Using Every Tool.
November was a difficult month for me. Well, the last three weeks were, anyway. As everyone knows, the election hit me very hard, and I went through an anxiety spiral. I’m emerging from it now, but I had to reach deep into my bag of tricks. Because I was feeling things I hadn’t felt in a really long time. Things that scared me and that scared some of the people close to me.
As I wrote before, there were times shortly after the election, including election night, when I felt like I wanted a drink. Because I didn’t know what else to do to sleep. To relieve my anxiety. To make the world go away for a little while. That’s what alcohol does for me: it makes the world go away. It’s easy not to care about anything when you’re drunk. It’s easy not to hurt. It’s easy. I like easy.
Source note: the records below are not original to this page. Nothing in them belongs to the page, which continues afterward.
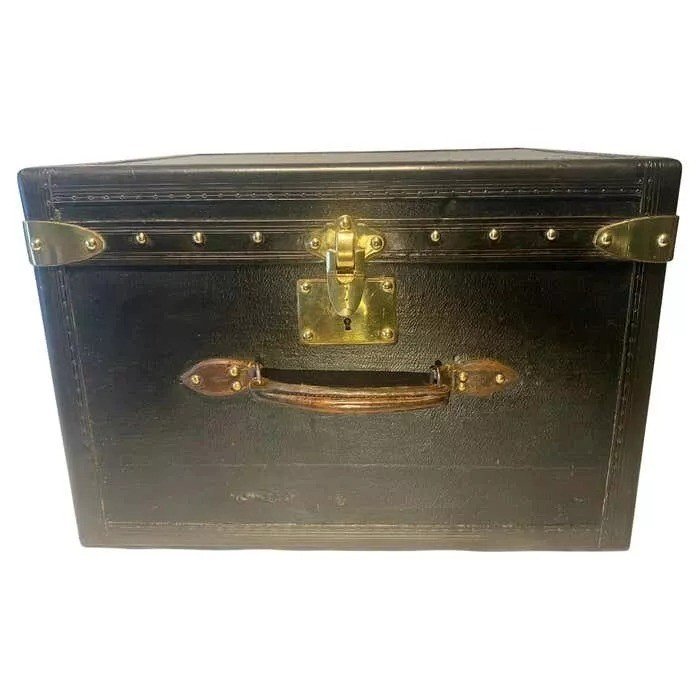 Antique Early-20th Century Black Goyard Hat Trunk French Circa 1920's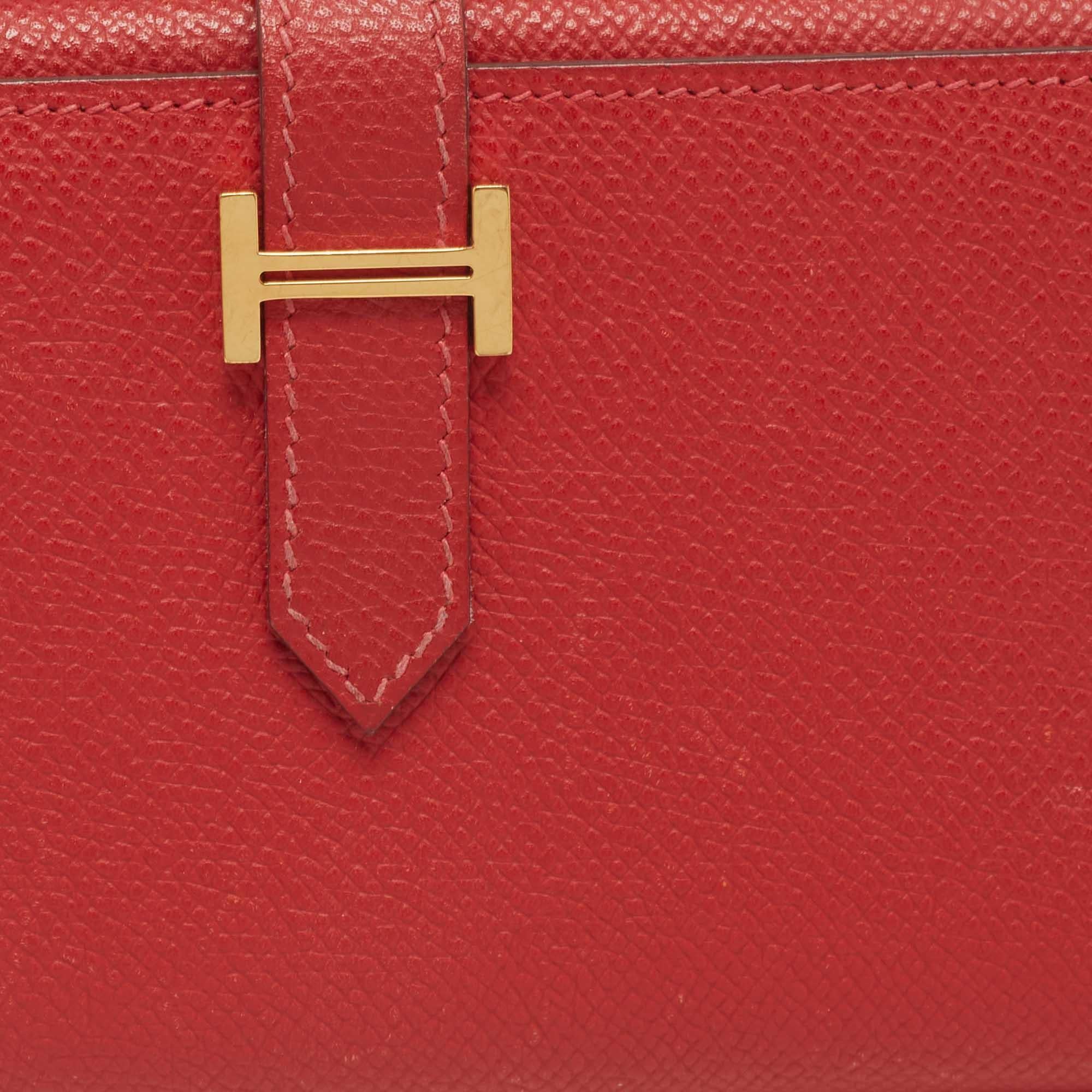 Portafoglio Hermes Rouge Vif Epsom in pelle Bearn Gusset in vendita 1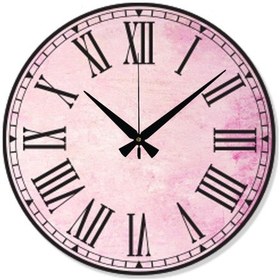 Resim Roma Rakam Uv Baskılı Duvar Saati Sessiz Akar Mekanizma Pembe 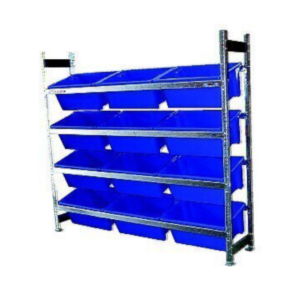 4 Level Bin Action Rack with 12 Blue 52L Bins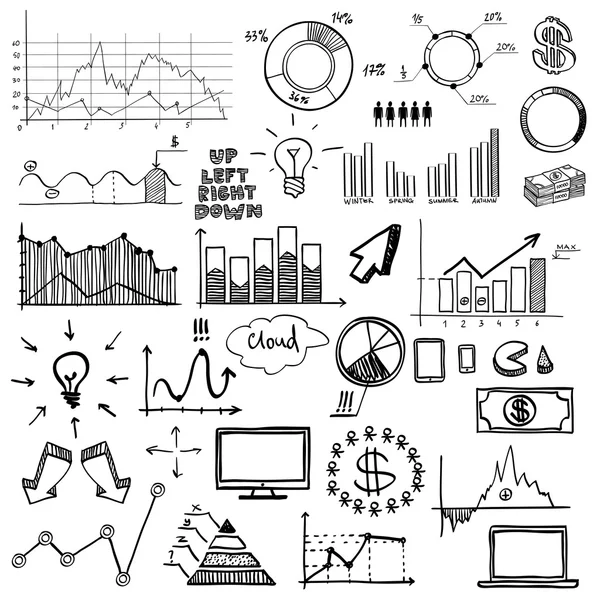 Beraberlik doodle web grafikleri iş finanse başlangıç tebeşir tahtası üstünde el. kavram - grafiği, pasta grafik, ok işaretleri — Stok Vektör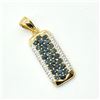 Image 2 : Gold plated Silver Blue Sapphire White Topaz(3.8ct) Gold Rhodium Plated Pendant (~weight 5g)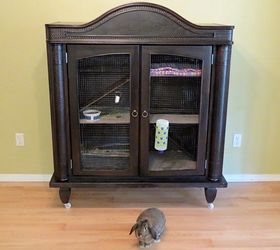 build a rabbit house from an old tv cabinet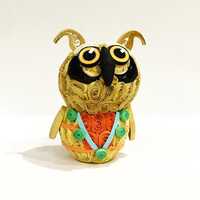 Mini Paper Quilling Owl Figurine – Handmade Cute Owl Ornament – Small Paper Animal Sculp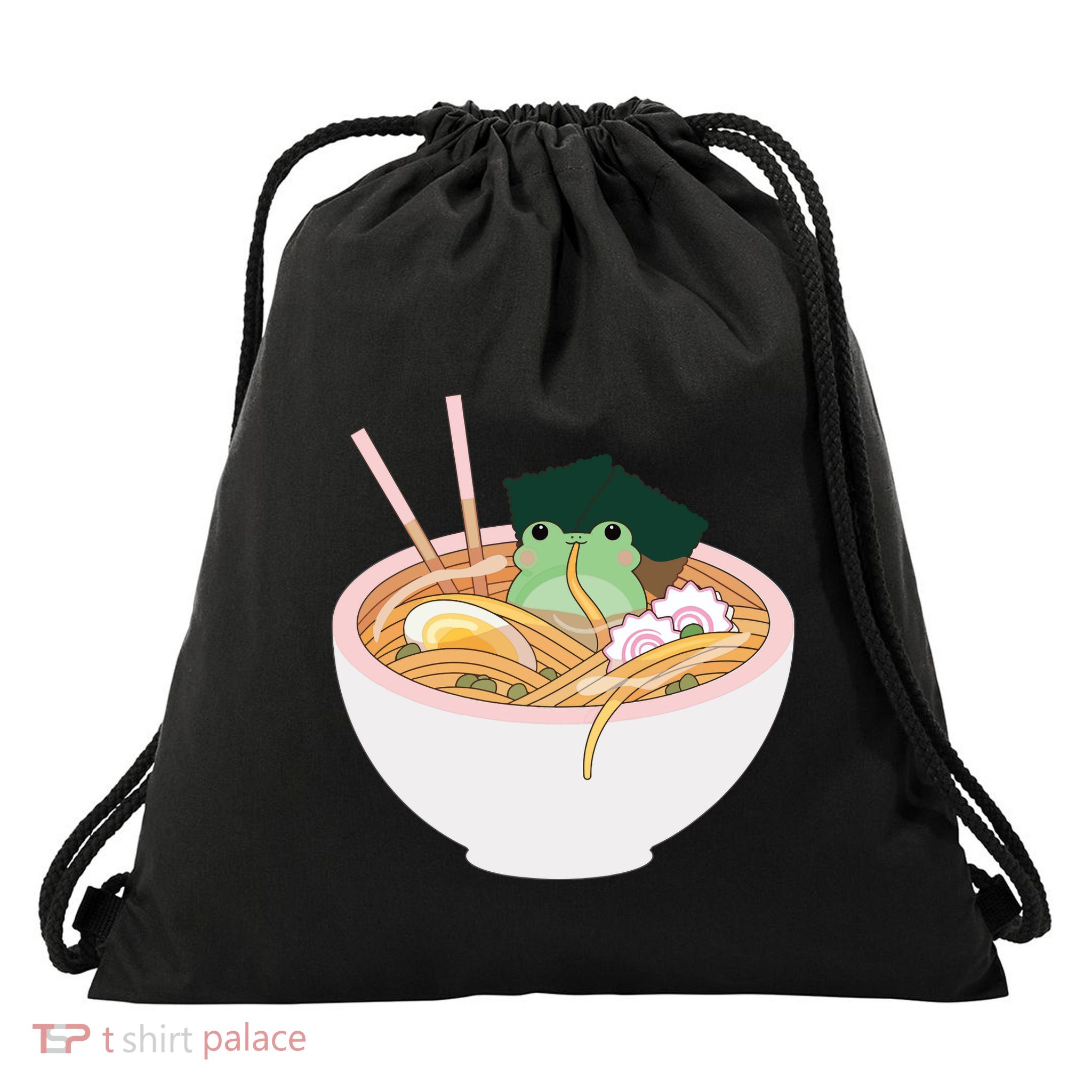 Cute Frog Ramen Drawstring Bag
But I’m no fool. I know what alcohol does to me. I know where it leads. I know that I can’t make the world go away for an evening and then wake up and expect it to come back again. When I go in, I go all in. I go in for life, and I go in for death. That’s how I drink. That’s how I drank, and how I will drink again if I do. Alcohol is not a companion for me. It’s an endgame. And I lose.
So this month I’ve deployed a lot of tools to straighten myself out. Because the idea of a drink is terrifying. It would immediately ruin everything I’ve spent almost nine years building.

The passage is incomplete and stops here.